Non vi dico degli altri, che pure sono stati affascinanti e brutali, perché posso parlarvi solo di lui, che, dice Ingeborg, “era la mia vita”.
Questa storia, quindi, è solo la storia di due poeti che si sono innamorati in sei settimane e che si sono scritti per 19 anni.
Cominciamo con la loro poesia.
Ingeborg Bachmann a Paul Celan ne hanno una, che citano sempre nelle loro lettere, si intitola Corona. Intendono la ghirlanda ma anche, e soprattutto, la luce del sole, il suo contorno che si vede durante un’eclisse totale. Quando, insomma, tutta la luce è coperta fatta eccezione per quella striscia che lotta per un istante di evidenza.

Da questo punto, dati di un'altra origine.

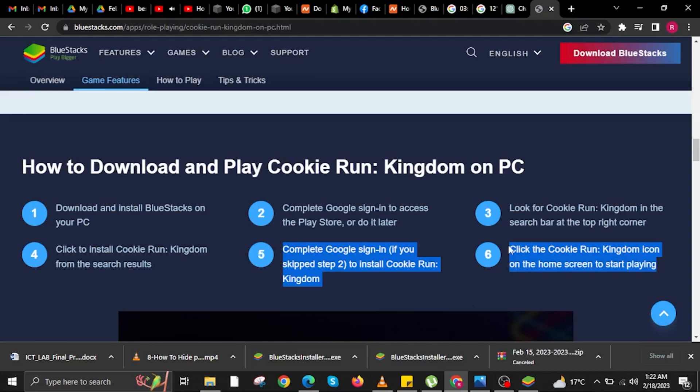And then we go to Step 6, which is click the Cookie Run Kingdom icon on the home screen to start playing.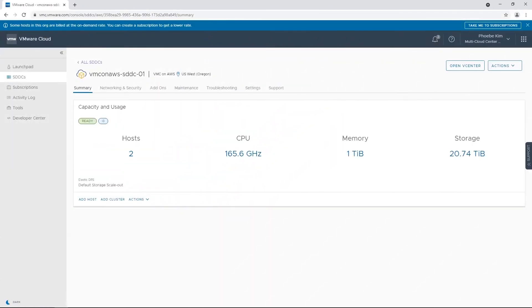VMware HCX is available for you when you start using VMware Cloud on AWS. Let's see how you can migrate your workloads to the VMware Cloud on AWS SDDC using VMware HCX.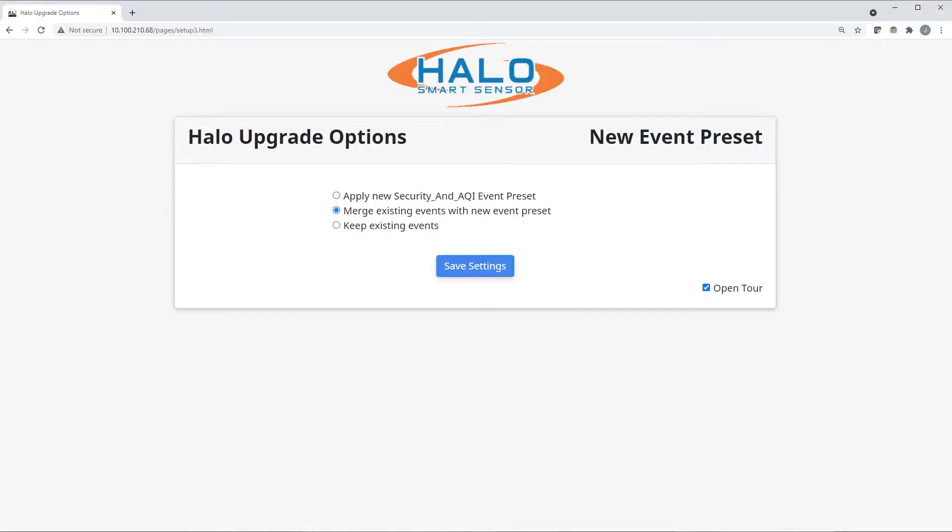Apply new security and AQI events presets. This will update all of your events, such as vape and gunshot detection, and apply the most current algorithms. A fresh start, if you will.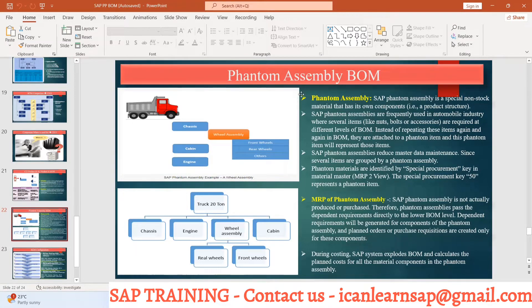SAP phantom assemblies are frequently used in the automobile industry, where several items like nuts, bolts, and accessories are required at different levels of the BOM. Instead of repeating these items again and again in the BOM, they are attached to a phantom item, and the phantom item represents all of them.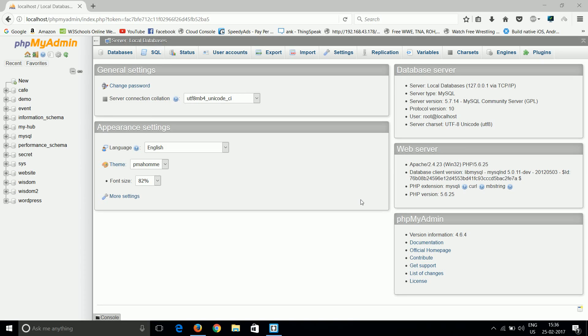I think guys everyone knows this screen - it's phpMyAdmin. If you don't know it, don't worry, you will come to know in this tutorial list. So guys, welcome to my new tutorial list about phpMyAdmin. This is Ankur and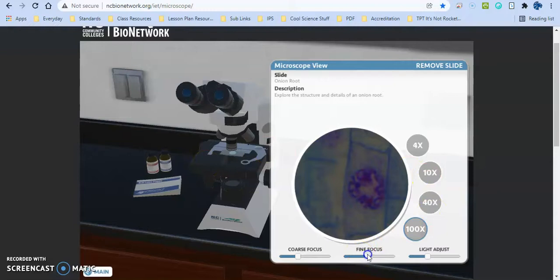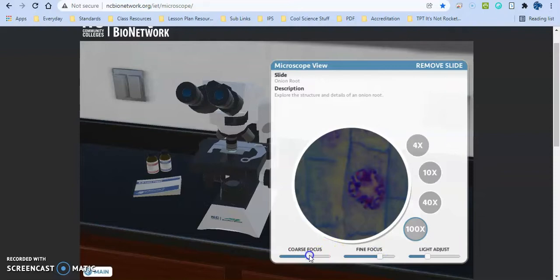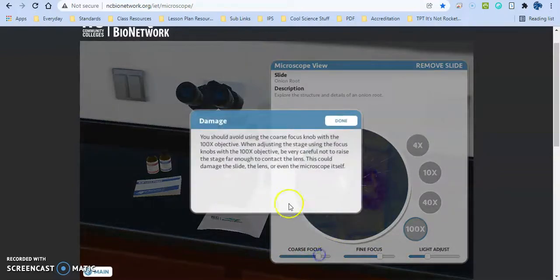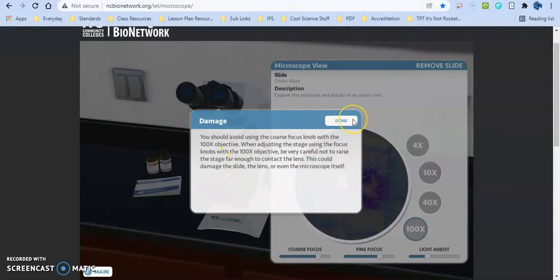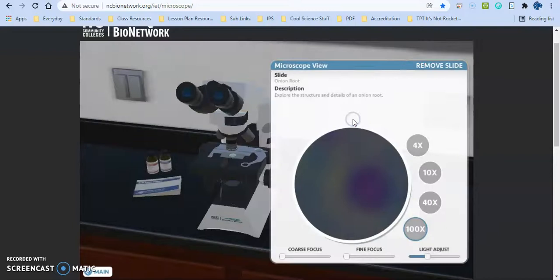Another thing that happens here is if they try to use anything but the fine focus when they are on this high power objective, it's going to go ahead and say you might have just damaged the microscope. So it's a good way to teach them this skill before they actually have a couple hundred dollar microscope in their hands and make that mistake. So it's really good for them to start off with before you actually get them to use them in class.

Il loro amore è così: combatte sempre con l’oscuro. Il buio della disperazione di Celan, poeta ebreo scampato ai lager, ma anche il mistero senza luce che è il luogo indeterminato dove comincia il gesto della scrittura.
“Ci diciamo cose oscure” recita un verso di Corona.

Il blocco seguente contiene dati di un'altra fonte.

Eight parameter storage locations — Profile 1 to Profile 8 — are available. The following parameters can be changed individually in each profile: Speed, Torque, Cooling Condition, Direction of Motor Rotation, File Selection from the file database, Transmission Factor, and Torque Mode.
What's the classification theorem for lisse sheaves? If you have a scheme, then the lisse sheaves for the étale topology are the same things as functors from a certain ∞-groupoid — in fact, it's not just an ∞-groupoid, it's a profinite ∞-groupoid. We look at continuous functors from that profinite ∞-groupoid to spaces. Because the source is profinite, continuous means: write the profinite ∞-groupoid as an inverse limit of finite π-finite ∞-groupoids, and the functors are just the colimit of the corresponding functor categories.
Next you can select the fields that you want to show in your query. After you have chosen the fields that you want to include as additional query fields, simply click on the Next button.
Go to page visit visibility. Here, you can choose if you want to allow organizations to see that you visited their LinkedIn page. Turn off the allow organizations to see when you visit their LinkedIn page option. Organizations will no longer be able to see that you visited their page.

Nei lunghi anni della corrispondenza, i due poeti cercano le parole dove trovarsi, ricordano il loro maggio e il loro giugno, quella primavera di sei settimane dove c’è stato il loro incontro. Quando sono disperati, pensano alla fessura di quei giorni insieme a Vienna, in un parco, nel 1948.
Forse mi inganno, forse è vero che noi ci schiviamo proprio quando vorremmo tanto incontrarci, forse colpevoli siamo tutti e due.
[…]
Ma tu non mi dici quanto lontani sono, dietro quest’anno, il nostro maggio e il nostro giugno…
Paul Celan in una lettera a Ingeborg Bachmann Troviamo le parole, Ingeborg Bachmann - Paul Celan. Lettere 1948 -1973, Nottetempo, 2010.
Si parlano nei versi, si scrivono lettere che sono desiderio, mancanza e malinteso. Mettono il loro amore e quel parco nelle poesie e nei romanzi. Ingeborg Bachmann fa dire questo alla protagonista di un suo libro, quando si sveglia impaurita, dopo una notte di incubi.
Stai calma, pensa al parco, pensa alla foglia, pensa al giardino di Vienna, al nostro albero, la paulonia fiorisce. Mi calmo subito perché la stessa cosa è successa a noi due.
Ingeborg Bachmann in Malina, Adelphi
Dopo qualche mese Celan fugge a Parigi. Bachmann resta a Vienna, prima di inaugurare il suo nomadismo che la condanna a non “prendere paese”. Non si vedono per molto tempo, si scrivono lettere frammentate, si aspettano e poi si dimenticano di essere attesi, si sposano con altre persone che hanno il carattere forte che serve a sostenerli.
Ma il dialogo letterario di Paul e Ingeborg - e il loro sentimento - continua per anni nelle poesie di lei e in quelle di lui, nel modo in cui si amalgama la loro metrica. Persino nelle metafore che compongono c’è il ricordo dell’altro, di come parla. Bachmann scrive, esausta, “i miei pensieri cercano sempre te”.